▼

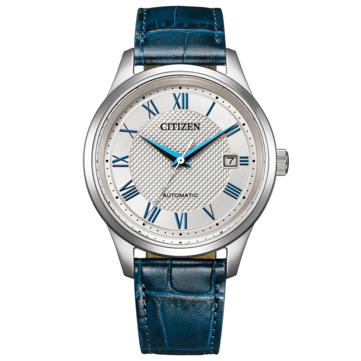 Framsidan av den automatiska klockan Citizen NJ0250-01A med en silverfärgad Clous de Paris-urtavla, blå romerska siffror och visare samt ett blått läderarmband.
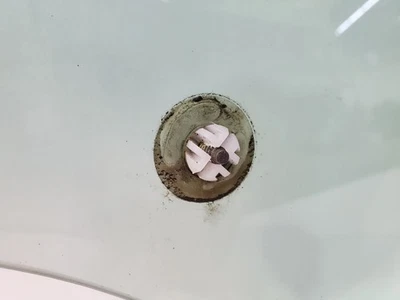 Puerta trasera izquierda vidrio usado se adapta: Subaru Legacy SW 2005 trasera izquierda grado A Foto 1 de 4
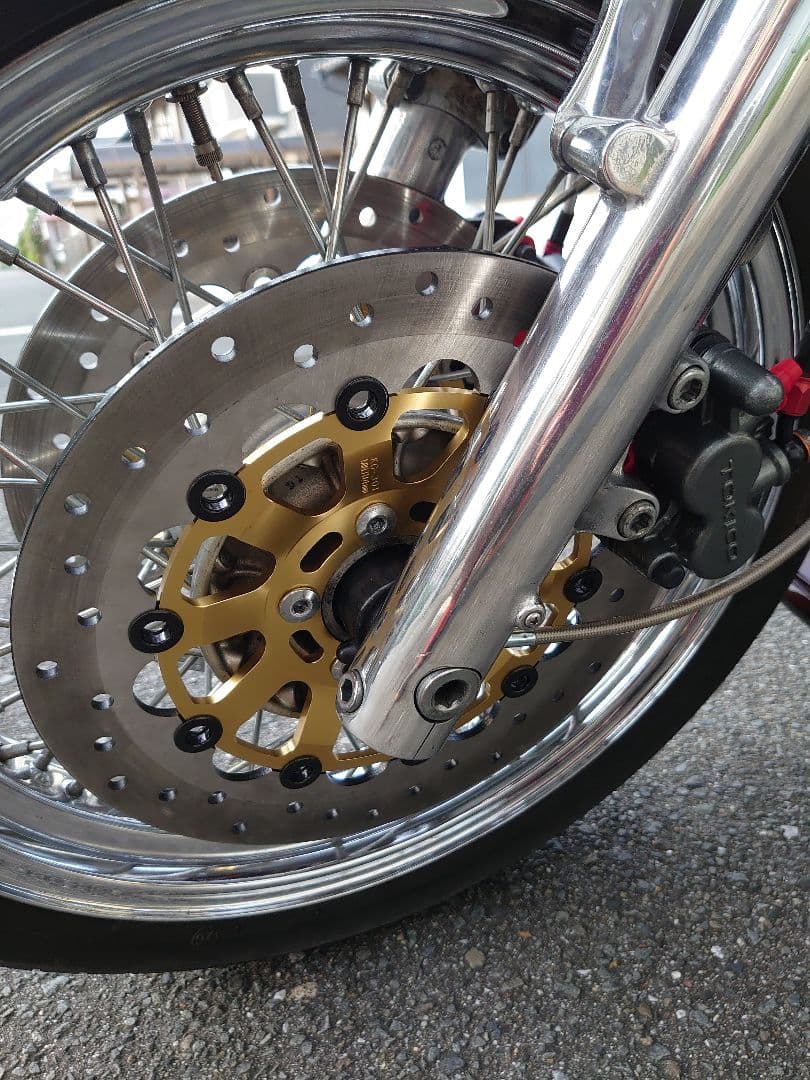 サンスターフロントディスクローター 2枚 ゼファー750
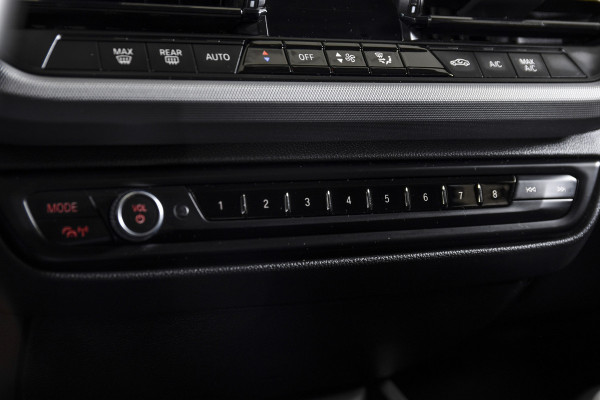 BMW 1-serie 118i 140 PK Corporate High Executive | Cruise | PDC | NAV+ Apple Car Play | EEC | LM 19" |
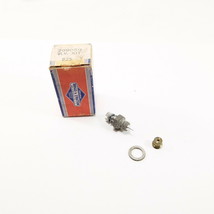 New OEM Briggs and Stratton 299059 Valve Kit - $1.00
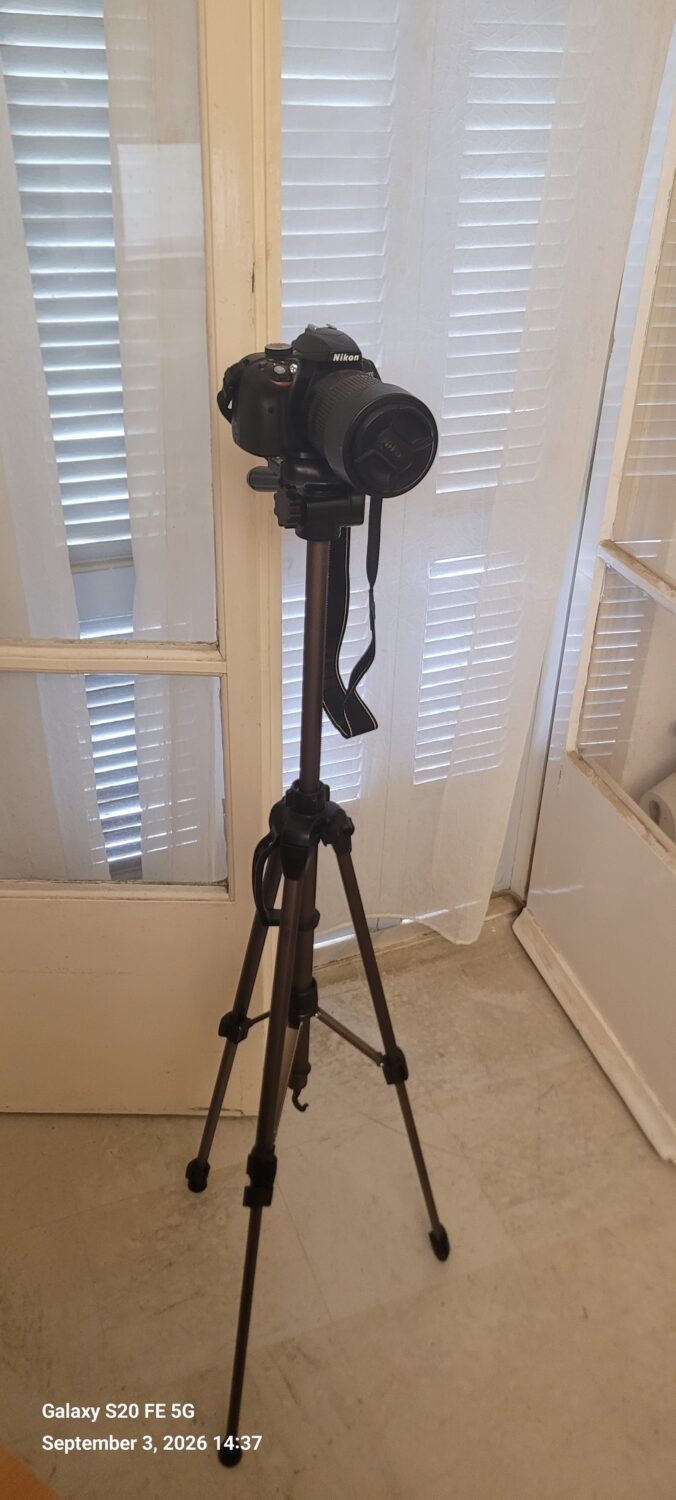 Nikon D300, φακό 18-105mm, τρίποδο, θήκη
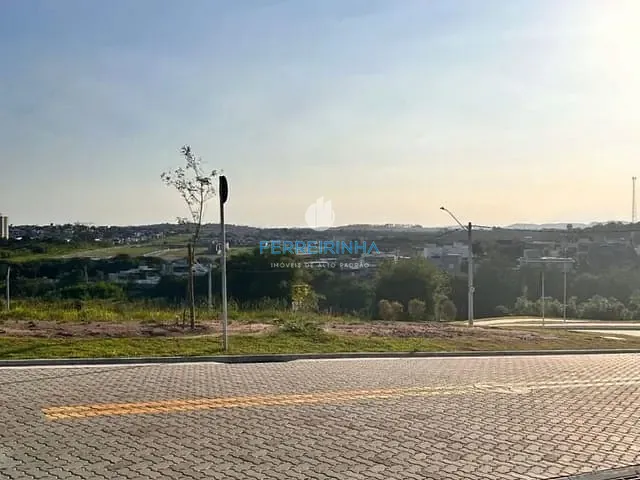 Terreno com 332m², à venda, no bairro Loteamento Terras Alpha São José dos Campos em São José dos Campos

▲

Without the pictures, transcribe the lines from the one containing "New OEM Briggs" through the end of the data, exactly and only those.

 New OEM Briggs and Stratton 299059 Valve Kit - $1.00
 Nikon D300, φακό 18-105mm, τρίποδο, θήκη
 Terreno com 332m², à venda, no bairro Loteamento Terras Alpha São José dos Campos em São José dos Campos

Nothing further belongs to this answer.